From a borrower perspective, loan terms have become a bit less favorable. Speaking to loan-to-value ratios, Anderson commented that “60 percent is the new 65,” with Cotsakis adding that “loan-to-cost leverage (is) probably down 5 to 10 percent and is depending on the nature of a deal.” He also noted that, though regional banks have been the most active lenders, there has been a shift toward terms with repayment recourse, with percentages likely increasing as well.
Finding the upside
Nevo-Hacohen sees a silver lining amid the sector’s struggles, however. In addition to demographic tailwinds, “we think that COVID-19 has burnished reputations of operators who have done well by caring for and creating a safe environment for vulnerable seniors in their communities, so we think that there’s actually an enormous opportunity for promoting senior housing now to consumers.”

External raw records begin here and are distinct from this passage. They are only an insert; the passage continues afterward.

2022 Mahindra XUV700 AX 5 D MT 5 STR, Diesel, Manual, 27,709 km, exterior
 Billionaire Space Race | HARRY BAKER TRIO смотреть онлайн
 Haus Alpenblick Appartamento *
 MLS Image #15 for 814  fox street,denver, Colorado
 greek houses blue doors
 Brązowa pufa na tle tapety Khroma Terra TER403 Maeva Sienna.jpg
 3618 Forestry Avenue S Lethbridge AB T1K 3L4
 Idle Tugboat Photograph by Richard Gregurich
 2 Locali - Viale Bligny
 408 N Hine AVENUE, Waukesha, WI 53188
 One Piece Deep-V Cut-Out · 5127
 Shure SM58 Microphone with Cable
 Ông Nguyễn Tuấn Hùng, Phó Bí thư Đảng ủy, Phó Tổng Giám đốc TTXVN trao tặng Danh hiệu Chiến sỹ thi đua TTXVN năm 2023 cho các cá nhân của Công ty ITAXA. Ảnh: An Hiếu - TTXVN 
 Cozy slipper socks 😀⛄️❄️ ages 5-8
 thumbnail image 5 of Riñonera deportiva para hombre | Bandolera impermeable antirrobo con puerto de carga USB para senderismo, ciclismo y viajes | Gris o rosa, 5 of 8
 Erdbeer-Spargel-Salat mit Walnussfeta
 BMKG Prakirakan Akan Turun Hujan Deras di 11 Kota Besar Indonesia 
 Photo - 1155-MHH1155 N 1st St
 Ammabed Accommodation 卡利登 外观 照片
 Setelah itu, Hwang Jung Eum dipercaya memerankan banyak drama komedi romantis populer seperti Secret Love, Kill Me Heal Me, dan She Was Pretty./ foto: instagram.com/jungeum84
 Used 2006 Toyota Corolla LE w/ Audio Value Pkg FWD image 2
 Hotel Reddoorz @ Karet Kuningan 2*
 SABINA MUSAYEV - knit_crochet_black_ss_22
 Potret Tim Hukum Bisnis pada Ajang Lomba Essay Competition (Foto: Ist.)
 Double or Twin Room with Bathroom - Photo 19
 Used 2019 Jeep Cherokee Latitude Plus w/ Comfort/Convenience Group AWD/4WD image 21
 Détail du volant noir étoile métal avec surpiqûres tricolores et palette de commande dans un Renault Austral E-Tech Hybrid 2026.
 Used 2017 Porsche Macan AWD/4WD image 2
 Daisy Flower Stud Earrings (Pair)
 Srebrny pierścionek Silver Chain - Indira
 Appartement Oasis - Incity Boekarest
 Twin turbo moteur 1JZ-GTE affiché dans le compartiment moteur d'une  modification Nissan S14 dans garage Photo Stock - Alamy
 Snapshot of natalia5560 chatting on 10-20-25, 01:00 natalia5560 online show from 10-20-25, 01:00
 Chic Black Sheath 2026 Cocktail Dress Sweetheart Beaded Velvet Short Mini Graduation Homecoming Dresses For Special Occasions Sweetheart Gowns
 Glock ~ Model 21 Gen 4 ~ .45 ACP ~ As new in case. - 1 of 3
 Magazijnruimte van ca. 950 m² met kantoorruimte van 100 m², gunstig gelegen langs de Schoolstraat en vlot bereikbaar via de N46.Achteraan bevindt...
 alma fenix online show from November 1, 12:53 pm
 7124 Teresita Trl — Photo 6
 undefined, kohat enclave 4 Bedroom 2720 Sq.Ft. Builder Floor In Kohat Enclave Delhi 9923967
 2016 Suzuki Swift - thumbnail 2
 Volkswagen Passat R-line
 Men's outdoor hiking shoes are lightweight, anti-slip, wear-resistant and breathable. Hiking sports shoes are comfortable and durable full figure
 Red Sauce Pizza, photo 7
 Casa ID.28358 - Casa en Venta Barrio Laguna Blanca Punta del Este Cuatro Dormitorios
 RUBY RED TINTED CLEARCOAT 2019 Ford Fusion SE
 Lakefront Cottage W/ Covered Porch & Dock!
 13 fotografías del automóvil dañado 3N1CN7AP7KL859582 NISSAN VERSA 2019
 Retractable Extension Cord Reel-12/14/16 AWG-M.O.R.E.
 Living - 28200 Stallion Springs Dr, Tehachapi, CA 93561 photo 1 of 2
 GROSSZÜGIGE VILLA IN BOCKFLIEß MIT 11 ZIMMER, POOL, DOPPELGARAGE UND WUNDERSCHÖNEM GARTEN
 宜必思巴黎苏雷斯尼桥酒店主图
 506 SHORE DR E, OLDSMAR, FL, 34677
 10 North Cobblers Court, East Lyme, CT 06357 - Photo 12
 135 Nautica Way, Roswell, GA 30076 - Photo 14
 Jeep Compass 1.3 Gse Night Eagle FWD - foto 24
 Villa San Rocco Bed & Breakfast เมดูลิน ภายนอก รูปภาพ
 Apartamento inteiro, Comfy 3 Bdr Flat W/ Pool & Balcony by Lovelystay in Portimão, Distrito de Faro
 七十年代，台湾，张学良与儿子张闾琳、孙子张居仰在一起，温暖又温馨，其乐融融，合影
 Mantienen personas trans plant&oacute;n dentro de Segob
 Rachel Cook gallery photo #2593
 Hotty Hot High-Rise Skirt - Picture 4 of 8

From a private equity perspective, Anderson pointed out that most funds are maintaining some levels of activity, “but of course everyone’s being highly selective, probably passing on acquisition opportunities more than they are digging in and underwriting. … (There are) still plenty of great plays and ways to invest in our space, so I don’t see … too major of a slowdown into 2021.”
Cotsakis noted that, even as national banks largely had taken a wait-and-see approach until recently, debt funds joined the fray, as “they can still get yields and probably push leverage up a bit higher … even on construction deals.” Regardless, “the best sponsors are the only ones that are getting deals done.”
What do we know?
Though opportunities are present, several major unknowns cloud the sector’s recovery. A potential second wave of coronavirus infections could drastically alter the landscape, and Nevo-Hacohen is expecting it to hit, following new increases in COVID-19 diagnoses worldwide. It’s difficult to assess how much or how little it could affect senior housing across the board, though, and the impact will not be “a uniform impact, because COVID-19 is not uniform across our country.” Testing will be the key to safely operating senior housing communities across the country, she anticipates.
However, even as challenges abound, the future is far from bleak. The industry “has created a change in reputation and image, and has sealed itself as being a part of the continuum of health care in this country,” said Nevo-Hacohen.
While the near-term outlook for senior housing properties may be cause for concern, one major upcoming shift seems certain to leave a positive mark. “The one thing (this sector) has going is this demographic wave that’s going to start in 2024, 2025, (when) Baby Boomers are hitting 80,” said Cotsakis, adding that, as many of the current concerns appear to be short-term in nature, “I can’t imagine that that demographic wave isn’t going to overcome that in a big way.”